Container Resources: The Kitchen Budget Story 🍳
Imagine you’re running a busy restaurant kitchen. Every chef (container) needs ingredients (CPU), counter space (memory), and fridge storage (ephemeral storage). Without proper budgets, chaos ensues—one chef hogs all the eggs, another takes the entire counter, and suddenly your kitchen grinds to a halt!
Kubernetes Resource Management is like being the smart kitchen manager who makes sure every chef gets what they need—and nobody takes more than their fair share.
🎯 The Big Picture
graph TD A["Container"] --> B["Requests"] A --> C["Limits"] B --> D["Guaranteed minimum"] C --> E["Maximum allowed"] D --> F["Scheduling decision"] E --> G["Enforcement"]
Requests = “I need at least THIS much” Limits = “I will NEVER use more than THIS”
1. Resource Requests and Limits
What’s a Request?
A request is your container saying: “Hey Kubernetes, I need at least this much to run properly.”
Think of it like reserving a table at a restaurant. You’re saying “I need a table for 4” — the restaurant won’t seat you at a 2-person table!
What’s a Limit?
A limit is the maximum your container can ever use. It’s like a credit card spending limit — even if you want to spend more, you can’t!
Simple Example
resources:
requests:
memory: "128Mi"
cpu: "250m"
limits:
memory: "256Mi"
cpu: "500m"
Translation:
- “I need at least 128MB memory and 0.25 CPU cores”
- “Never let me use more than 256MB memory or 0.5 CPU cores”
Why Both?
| Scenario | What Happens |
|---|---|
| No request | Kubernetes might put you on a crowded node |
| No limit | Your app could eat all resources and crash others |
| Both set | Predictable, fair resource sharing! |
2. CPU and Memory Resources
CPU: Measured in Millicores
One CPU core = 1000 millicores (m)
| Value | Meaning |
|---|---|
100m |
0.1 CPU (10% of one core) |
500m |
0.5 CPU (half a core) |
1 |
1 full CPU core |
2 |
2 CPU cores |
Real Life Example:
cpu: "250m" # Your app gets 25% of a CPU
If your node has 4 CPUs, you could run 16 containers each requesting 250m!
Memory: Measured in Bytes
| Suffix | Meaning | Example |
|---|---|---|
Ki |
Kibibytes | 256Ki = 262,144 bytes |
Mi |
Mebibytes | 128Mi ≈ 134 MB |
Gi |
Gibibytes | 1Gi ≈ 1.07 GB |
Real Life Example:
memory: "512Mi" # About half a gigabyte
What Happens When Limits Are Hit?
| Resource | Behavior |
|---|---|
| CPU | Container gets throttled (slowed down) |
| Memory | Container gets OOMKilled (terminated!) |
⚠️ Important: Memory limits are HARD. If your app tries to use 300Mi when the limit is 256Mi, Kubernetes will kill it immediately!
3. Ephemeral Storage Resources
What Is It?
Ephemeral storage = temporary disk space your container uses.

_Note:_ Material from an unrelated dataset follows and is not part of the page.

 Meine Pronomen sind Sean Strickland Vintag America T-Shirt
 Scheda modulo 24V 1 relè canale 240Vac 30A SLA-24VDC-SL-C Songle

It includes:
- Container’s writable layer
- Logs
- Temporary files
- emptyDir volumes
Why Care?
Without limits, one container could fill up the entire node’s disk!
Example
resources:
requests:
ephemeral-storage: "1Gi"
limits:
ephemeral-storage: "2Gi"
If your container writes more than 2Gi of temp files, Kubernetes evicts it!
4. QoS Classes
Kubernetes automatically assigns a Quality of Service class to every Pod. Think of it like airline seating!
graph TD A["QoS Classes"] --> B["Guaranteed"] A --> C["Burstable"] A --> D["BestEffort"] B --> E["First Class ✈️"] C --> F["Economy Plus"] D --> G["Standby"]
The Three Classes
| Class | Requirements | Eviction Priority |
|---|---|---|
| Guaranteed | Requests = Limits for ALL containers | Last to be evicted |
| Burstable | At least one request or limit set | Middle priority |
| BestEffort | No requests or limits at all | First to be evicted |
How to Get Guaranteed QoS
resources:
requests:
memory: "256Mi"
cpu: "500m"
limits:
memory: "256Mi" # Same as request!
cpu: "500m" # Same as request!
💡 Pro Tip: For critical workloads, always aim for Guaranteed QoS!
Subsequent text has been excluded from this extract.